- Jones Creek Watershed Historic District
- U.S. National Register of Historic Places
- U.S. Historic district
- Location: Between the Little Sioux and Soldier Rivers, southwest of Moorhead
- Coordinates: 41°54′28″N 95°55′30″W﻿ / ﻿41.90778°N 95.92500°W
- Area: 1,400 acres (570 ha)
- Built: 1937/38-1942
- MPS: Conservation Movement in Iowa MPS
- NRHP reference No.: 91001839
- Added to NRHP: December 23, 1991

= Jones Creek Watershed Historic District =

Historic district in Iowa, United States

The Jones Creek Watershed Historic District is a nationally recognized historic district located southwest of Moorhead, Iowa, United States. It was listed on the National Register of Historic Places in 1991. At the time of its nomination it contained 19 resources, which included eight contributing structures, nine non-contributing buildings, and two non-contributing structures. The historic district is made up of eight gully control dams erected by the Civilian Conservation Corps (CCC) Camp DPE-79, working for the Soil Conservation Service (SCS). They were built between 1937 (or 1938) and 1941. The project was completed by crews from the conscientious objector camp in Denison in late 1941 and 1942.

This was one of the first watershed protection projects that SCS took up in the United States, and the first in the State of Iowa. No planning documents could be found among the CCC and SCS official records. The planning for the project appears to have begun when the CCC was developing the newly created Preparation Canyon State Park nearby. Informal discussions were held between SCS engineer Robert Mayberry, local farmer Roy McCue, and CCC camp superintendent Ray Jones.

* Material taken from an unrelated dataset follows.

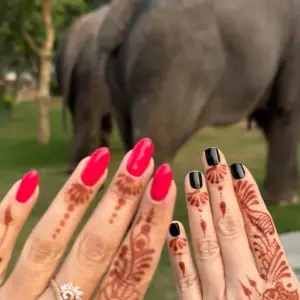 Explore Exotic  Golden Triangle Tour from Delhi 5 Days 4 Nights for 5 days with Fragrance of Taj and discover unforgettable experiences - Photo 11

At the time federally funded soil conservation work on private land was considered an inappropriate use of taxpayer money. The Emergency Relief Appropriation Act of 1939 changed that while this project was already under way. Such projects could be undertaken as long as the projects were sponsored by conservation districts or similar bodies that were organized by the states for soil erosion control and conservation purposes. The local farmers in this project had already been organized in the Soldier-Maple Valley Soil Conservation District. Monona and neighboring Harrison County also had a long history of working together on flood control projects.

The dams in this project were built to stabilize upland soils that were being eroded because of current farming practices at that time. The SCS also helped individual farmers convert from planting straight-rows of crops to contour farming on terraced benches. At the same time 80 acre of badly eroded land were taken out of cultivation and placed into pasture or planted with trees.